Item 5.   Interest in Securities of the Issuer

          KFH is the owner of 2,908,358 shares of Common Stock and
1,131,075 shares of Preferred Stock of the Issuer.  The Board of
Directors of the Issuer has determined to convert all outstanding
shares of Preferred Stock of the Issuer into Common Stock, at 110%

of the aggregate stated value of the Preferred Stock at a
conversion price of $.77.  Accordingly, 1,615,820 shares of Common
Stock would be issuable to KFH upon such conversion of the
1,131,075 shares of Preferred Stock owned by KFH.  The 4,524,178
shares of Common Stock of the Issuer that are owned by KFH
constitute 66.3% of the outstanding shares of Common Stock of the
Issuer, assuming conversion of all outstanding shares of Preferred
Stock of the Issuer into Common Stock as hereinabove described.
Warren B. Kanders, the President, sole director and sole
shareholder of KFH, may be deemed to be the beneficial owner of
such shares of Common Stock that are owned by KFH.

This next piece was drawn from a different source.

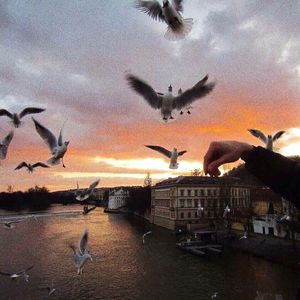 一边洗澡一边被c捏奶头视频
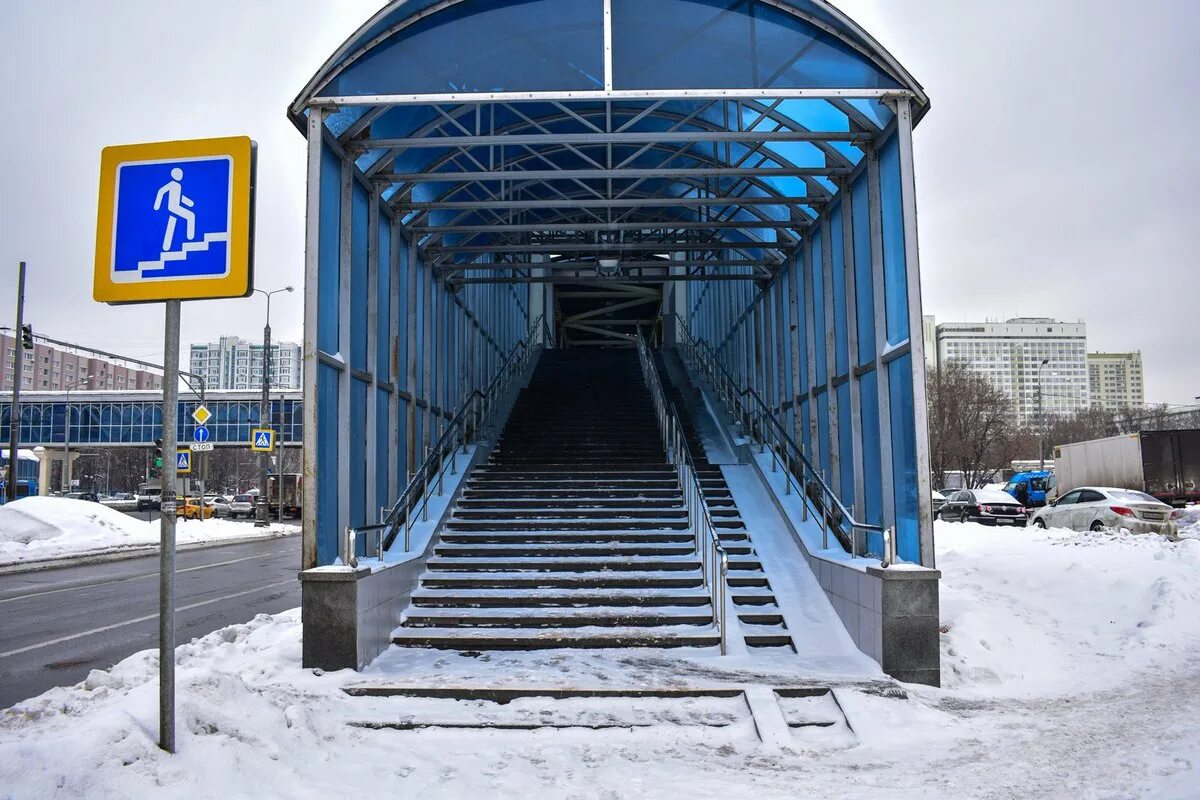 Пешеходный переход наземный надземный подземный. Большие переходы. Пешеход на дороге. Пешеходный переход. Пешеходная дорога.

          KFH has the sole power to vote or direct the vote and the
sole power to dispose or direct the disposition with respect to all
such shares of Common Stock that KFH is deemed to beneficially own.

          KFH and Jonathan M. Spiller, the President, Chief
Executive Officer and a director of the Issuer, are parties to a
certain agreement, dated as of January 18, 1996, pursuant to which
KFH has granted certain beneficial ownership interests in the
shares of Common Stock of the Issuer owned by KFH to Mr. Spiller.
See Item 6 below for a more detailed description of the terms of
such agreement.


Item 6.   Contracts, Arrangements, Understandings or Relationships
          with Respect to Securities of the Issuer

          KFH and Jonathan M. Spiller entered into an agreement,
dated as of January 18, 1996, pursuant to which KFH granted a
beneficial ownership interest in 316,823 shares of Common Stock of
the Issuer owned by KFH.  Such agreement provides that, in the
event that KFH sells at least 452,604 shares of Common Stock of the
Issuer in a single transaction, then Mr. Spiller shall have the
option to either (i) pay to KFH an amount equal to the Spiller
Acquisition Cost (as defined in such agreement), in which event Mr.
Spiller will be entitled to receive stock certificates representing
such 316,823 shares of Common Stock, or (ii) receive the net
proceeds relating to 316,823 shares of Common Stock that are the
subject of the sale by KFH, reduced by the Spiller Acquisition Cost
relating to such shares of Common Stock so sold by KFH.

<PAGE>

                                                               Page 7 of 7 Pages

          In the event that KFH does not sell at least 452,604
shares of Common Stock as described above, then Mr. Spiller's
rights to the 316,823 shares of Common Stock shall vest on
January 18, 1999; provided, however, that, at such time, Mr.
Spiller is the President and Chief Executive Officer of the Issuer
and his Employment Agreement with the Issuer, dated as of
January 18, 1996, is in full force and effect and Mr. Spiller is
not in breach thereof; and, provided, further, that if

Mr. Spiller's Employment Agreement with the Issuer is terminated
due to his death or disability, or without cause, prior to
January 18, 1999, then a pro-rata portion of such 316,823 shares of
Common Stock, based upon the number of months elapsed from
January 18, 1996 in relation to 36 months, shall vest to
Mr. Spiller.

          Unless sooner acquired by Mr. Spiller as hereinabove
described, Mr. Spiller shall have the right to acquire any such
vested shares of Common Stock pursuant to such agreement on
January 18, 2001 upon payment by Spiller to KFH of the Spiller
Acquisition Cost relating to such shares.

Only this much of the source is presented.